Instructions for the task ::
Copy the records below exactly, starting at the line that contains "CD11C antibody, PA5-79537, Invitrogen" and ending at the line that contains "Genesis VII by"; leave out any pictures.

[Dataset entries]
>>>

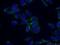 ADP Ribosylation Factor Interacting Protein 1 antibody, 17726-1-AP, Proteintech Group, Immunofluorescence image 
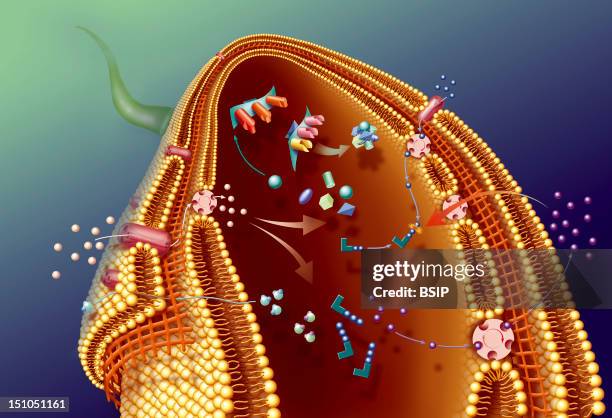 Bacteria, Veritable Chemical Production Plants. Illustration Of Glucose Utilization By A Bacterium. Glucose Is Used By The Bacterium To Produce...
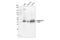 Cystathionine Gamma-Lyase antibody, 19689S, Cell Signaling Technology, Western Blot image 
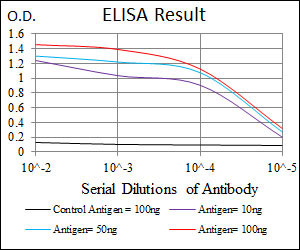 10 - PRKACG Antibody AO1716a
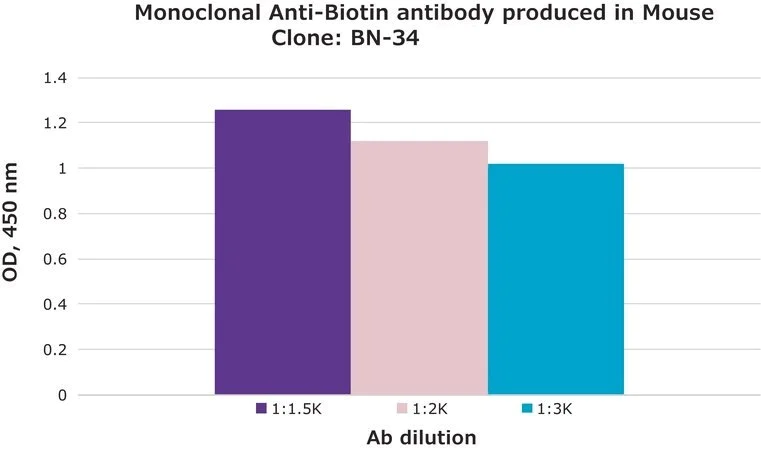 Indirect ELISA - Anti-M13 + Fd Bacteriophage Coat Proteins antibody (AB6188)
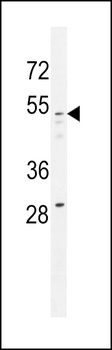 GOG8A Antibody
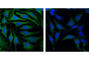 Glycogen Synthase Kinase 3 Alpha antibody, 5676P, Cell Signaling Technology, Immunofluorescence image 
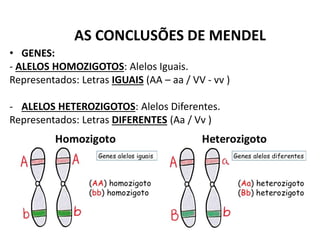AS CONCLUSÕES DE MENDEL
• GENES:
- ALELOS HOMOZIGOTOS: Alelos Iguais.
Representados: Letras IGUAIS (AA – aa / VV - vv )
- ALELOS HETEROZIGOTOS: Alelos Diferentes.
Representados: Letras DIFERENTES (Aa / Vv )
 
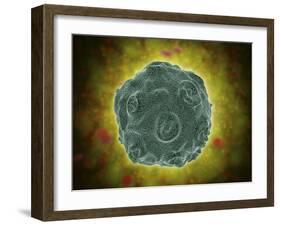 Conceptual Image of the Human Papilloma Virus-null-Framed Art Print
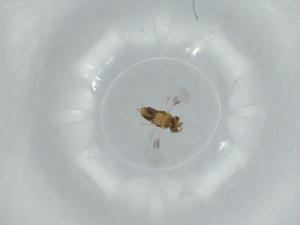  ( - BIOUG57531-E11)  @11 [ ] CreativeCommons - Attribution (2020) Centre for Biodiversity Genomics Centre for Biodiversity Genomics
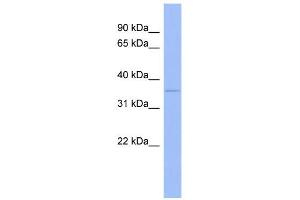 WB Suggested Anti-WNT5B Antibody Titration:  0. (WNT5B antibody  (Middle Region))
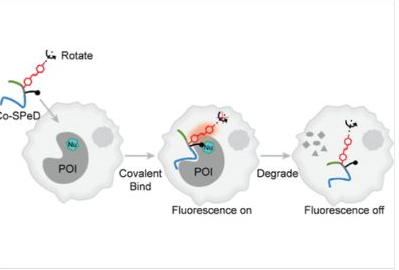 28_2025_A_Covalent_Self-Reporting_Peptide_Degrader_Enables_Real-Time_Monitoring_of_Targete.png 28_2025_A_Covalent_Self-Reporting_Peptide_Degrader_Enables_Real-Time_Monitoring_of_Targete.png
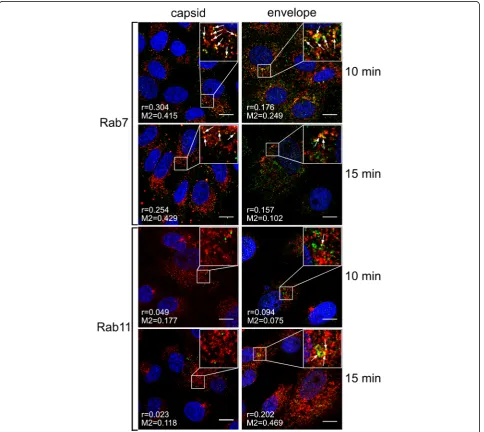 Fig. 4 Co-localization of ZIKV with Rab7 and Rab11 marker proteins 10–15 min p.i.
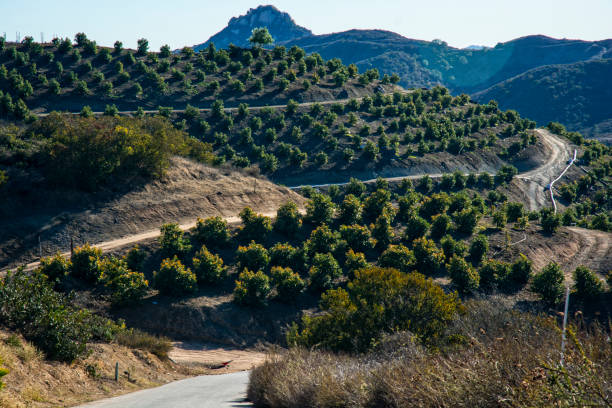 arboleda de aguacate en las montañas de california - arboleda fotografías e imágenes de stock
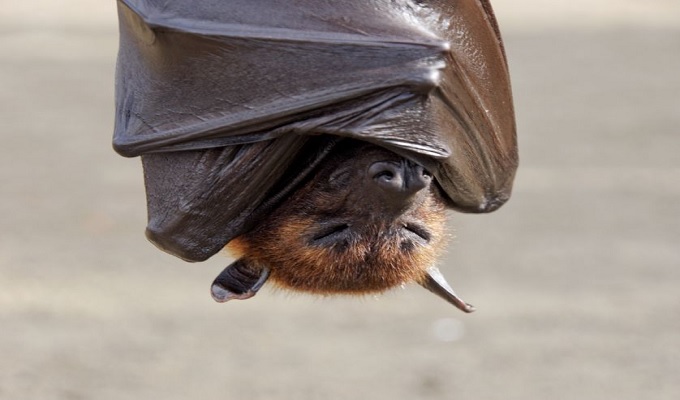 Reappearance of a deadly new virus transmitted by bats?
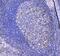 CD11C antibody, PA5-79537, Invitrogen Antibodies, Immunohistochemistry paraffin image 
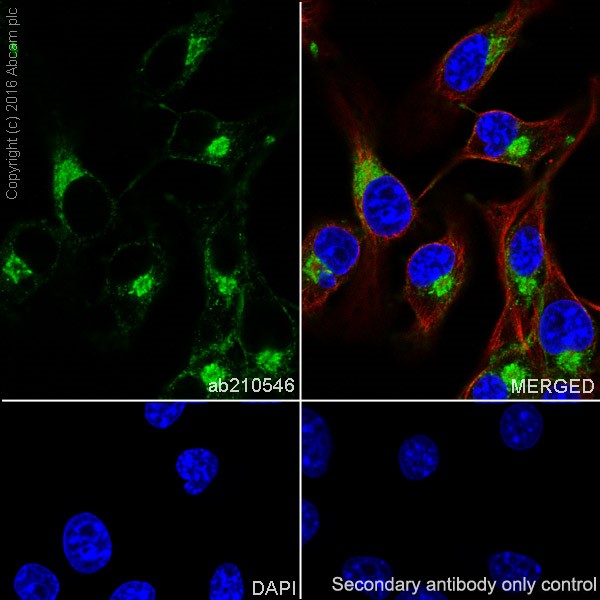 Immunocytochemistry/ Immunofluorescence - Anti-MelanA antibody [EPR20380] - BSA and Azide free (AB222483), expandable thumbnail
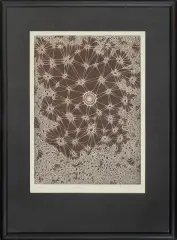 Genesis VII by Jerzy Znamierowski, metaloryt trawiony, papier, offered Apr 2012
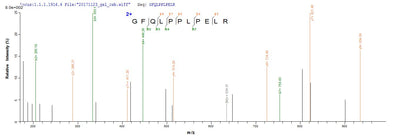 Based on the SEQUEST from database of E.coli host and target protein, the LC-MS/MS Analysis result of this product could indicate that this peptide derived from E.coli-expressed Homo sapiens (Human) CA9.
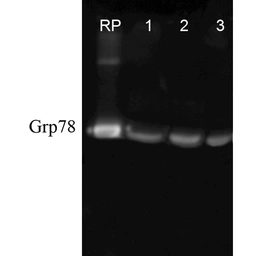 Anti-Grp78 antibody used in Western Blot (WB). GTX05188
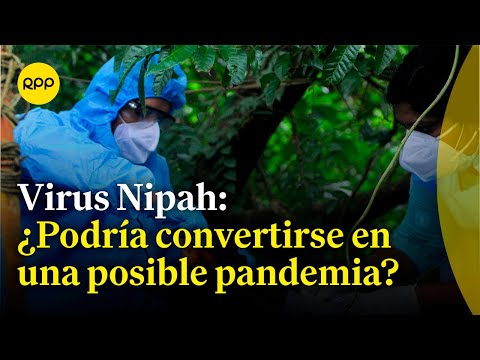 Espacio vital: ¿Qué se sabe del virus 'Nipah', que está causando un brote en la India?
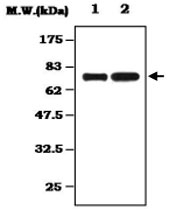 MAB0821 - Alpha-1B-glycoprotein / A1BG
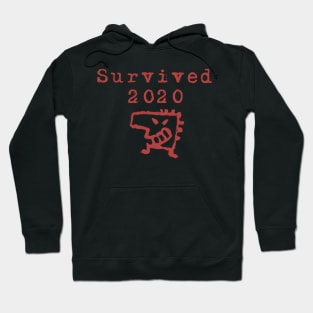 Survivor of the Corona virus 2020 t-shirt Hoodie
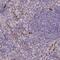 Kazrin antibody, NBP2-48622, Novus Biologicals, Immunohistochemistry paraffin image 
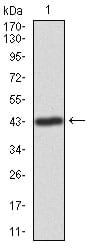Figure 1: Western blot analysis using ILK mAb against human ILK recombinant protein. (Expected MW is 42.7 kDa)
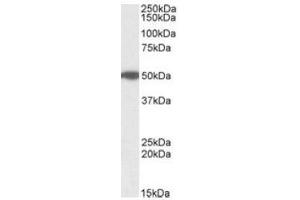 Antibody (1µg/ml) staining of Human Pancreas lysate (35µg protein in RIPA buffer). (MON1A antibody  (Internal Region))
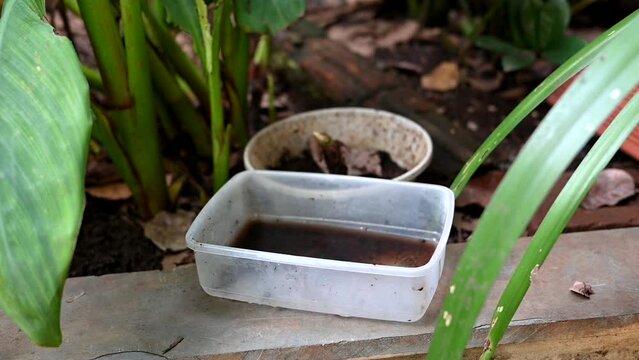 plastic bowl abandoned in a vase with stagnant water inside. close up view. mosquitoes in potential breeding ground.
proliferation of aedes aegypti mosquitoes, dengue, chikungunya, zika virus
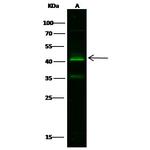 Kallikrein 11 Antibody in Western Blot (WB)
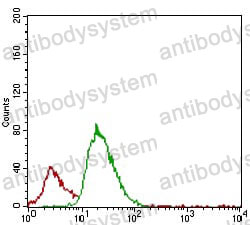 Anti-ACP5 Antibody (R3D41)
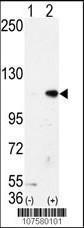 Anti-KDM1A Rabbit Polyclonal Antibody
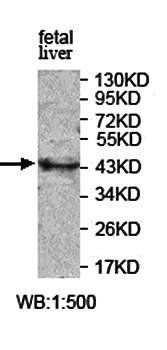 ANKRD29 antibody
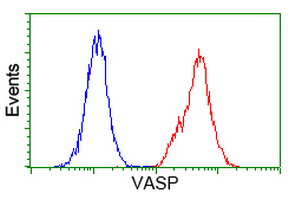 m00303 1 anti vasp mouse monoclonal antibody clone id oti4d6 flow cytometry testing 12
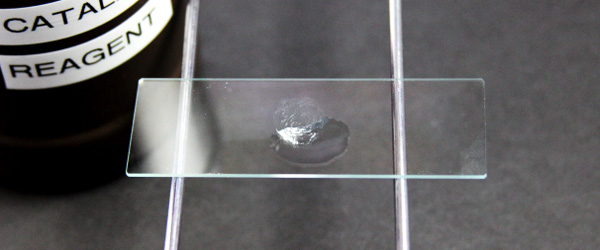 <p><span><span>The catalase test is used to classify bacteria based on the presence or absence of catalase enzyme in an unknown organism. Here are the results of your catalase test. What can you conclude?</span></span></p>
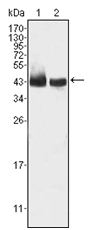 Western blot analysis using KLF15 antibody Cat.-No AM06313SU-N against HepG2 (1) and SMMC-7721 (2) cell lysate.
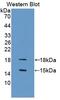 Growth Differentiation Factor 3 antibody, MBS2028094, MyBioSource, Western Blot image 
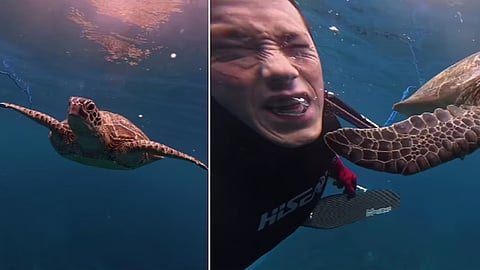 viral video i got slapped by a turtle travel creator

<<<

Response ::
 CD11C antibody, PA5-79537, Invitrogen Antibodies, Immunohistochemistry paraffin image 
 Immunocytochemistry/ Immunofluorescence - Anti-MelanA antibody [EPR20380] - BSA and Azide free (AB222483), expandable thumbnail
 Genesis VII by Jerzy Znamierowski, metaloryt trawiony, papier, offered Apr 2012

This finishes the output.